Arts, On Campus

Digital Art Exhibit Challenges How We Absorb Media

Constant exposure to billboards, street signs, corporate logos, and a whole slew of virtual advertisements that populate the internet and social media can become somewhat overwhelming. The eye has been trained to compartmentalize the images we see on television screens and even in photographs—comprehending the multidimensional content of a flat surface, as opposed to letting it dissolve into the natural environment. Exhibited on the first floor of O’Neill Library is an installation that challenges the way we absorb media. Walking into the room, which contains an array of digital works by various students, is like a thousand ads popping up on your computer screen at once. The pieces exhibited grab playfully at every cultural icon conceivable, creating a collage of images that teeter between the humorous and political.

The exhibit showcases work from students of Karl Baden, a professor of photography at Boston College. The cluttered yet quiet feel of the project—a splurge of information that assaults cultural icons while hiding inconspicuously behind their general recognizability—is indeed correlative to Baden’s own work as a fully-fledged artist. Every day since Feb. 23, 1987, Baden has taken a photograph of his face against a white background, stringing the images into an animated sequence that shows the effect of time upon the body.
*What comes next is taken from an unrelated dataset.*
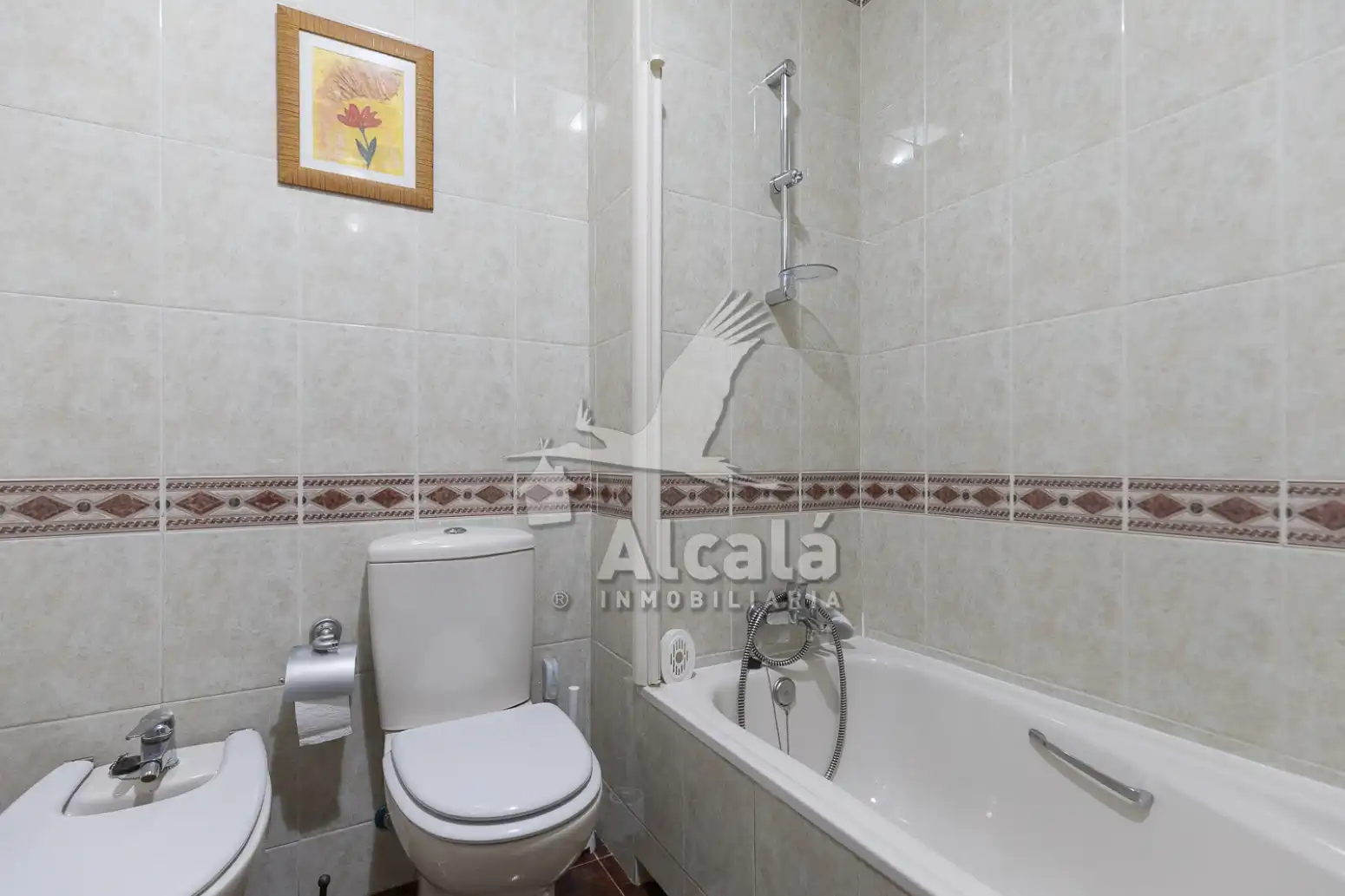 Baño de Piso en venta en Alcalá de Henares con Calefacción, Jardín privado y Parquet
Aside from commentary on  themes such as the self and aging, the “Every Day” project is impressive for conceptually encapsulating the superfluous abundance of the “selfie” some decades before it was even a social phenomenon.

Likewise, O’Neill’s photographic mixed media collages—measuring just about the size of standard printer paper, though some were formatted cubically—are best appreciated in juxtaposition to one another, from a vantage wherein their individual contents are less noticeable than the dizzying array of colors they present collectively. That they surround the hunched figures of studying students, like some virtual wallpaper that never demands the “audience’s” attention, better suits the overall artistic intention than if each were presented individually. Furthermore, the works are without labels or the names of their creators—just pictorial non sequiturs floating along a pervasive backdrop. The installation gives the impression of having reached into a database of random images, connected only by the cultural currency they embody.
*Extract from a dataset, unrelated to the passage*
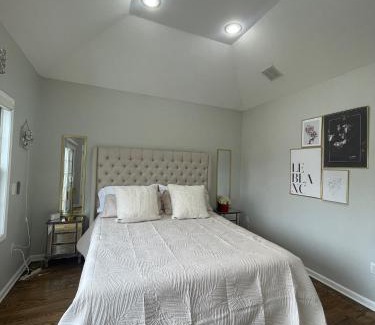 Hackensack River Waterfront House | Modern minimalistic 3 bdr Apt Townhouse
This fragmentation of any single thematic picture works to the exhibit’s benefit in many cases. Political statements are given the same aesthetic grounding as blatant commercial advertising. Absolut Vodka, Air Jordans, and iPhones are lined up against photos of Bernie Sanders and Donald Trump, or perhaps other objects of fashion that lose all meaning in context of their neighboring visual icons. This actual content is often plastered artificially to a glossy background that makes the object’s foreignness obvious. It is like a (perhaps unintentional) parody of how commonplace these symbols are among their ad-centered landscapes. The posters of films that bear an at-best cursory resemblance are cross-cut into movie mashups whose relationship or string of compatibility relies on the most superficial attributes. One student rearranged the poster for Pixar’s Up to resemble the photograph-within-a-photograph of Christopher Nolan’s 2001 thriller Memento, while another student turned Harry Potter into a stoner comedy on the sheer basis of his name including the word “pot.” Truly creative genius at its finest.
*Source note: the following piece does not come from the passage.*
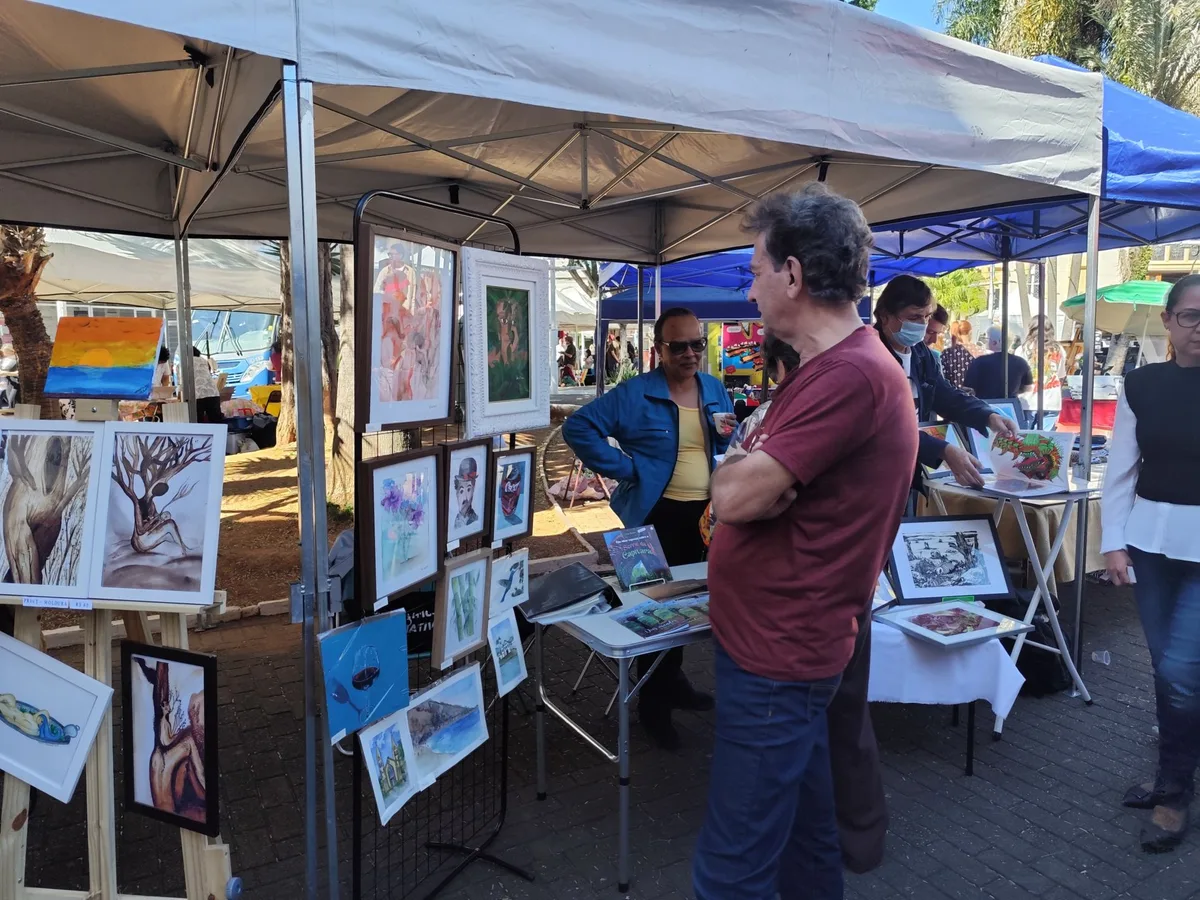 Feira de Artes Plásticas e Antiguidades movimenta o Centro de Jundiaí neste domingo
One panel contains a loose association of politically motivated pieces. Whether they were done by the same artist or many cannot be determined. Trump appears in a few of them, digitally altered to look more reptile-like than usual. Another set depicts an elderly lady waving an American flag, with the text “I can’t believe I still have to protest this sh#t” written over her in columns—apparently mimicking the bars of a jail cell. Less cleverly put together is a piece depicting protesters gathered collectively, drawn in the style of a Soviet Union “Workers of the World Unite” poster. The words “Our Right to Rally” are drawn over it, though the artist unfortunately confused the United States’s First Amendment with propaganda from a totalitarian government responsible for the mass incarceration and genocide of millions. This ignorant misstep aside, most of the eye-catching or provocative statements are done tastefully, if sometimes childishly and for the sake of offense. Borat makes at least one appearance in his green thong and jockstrap, showcasing the glitzy ludicrousy of the character.

The section that best encompasses the overall goal of the installation is a series of fashion ads and urban landscapes. Rather than becomingthe sole focus of our attention, the commercial products depicted (mainly Supreme and other clothing brands) aim to embellish an overall atmosphere that generates from the composition, in the phased-out images of models standing against city backgrounds or the drink aisles of grocery stores. One poster shows a face recoiling in two-dimensionally rendered slow motion, the contours of her revolving expression like smeared chalk on a blackboard. Simple iconography plastered against real life images, all of which is seen through the lens of a low-quality camera attempting to become vintage, more “true to life,” becomes the artistic centerpoint of the exhibition, encapsulating in a few well-designed posters what the rest can only do as a collective.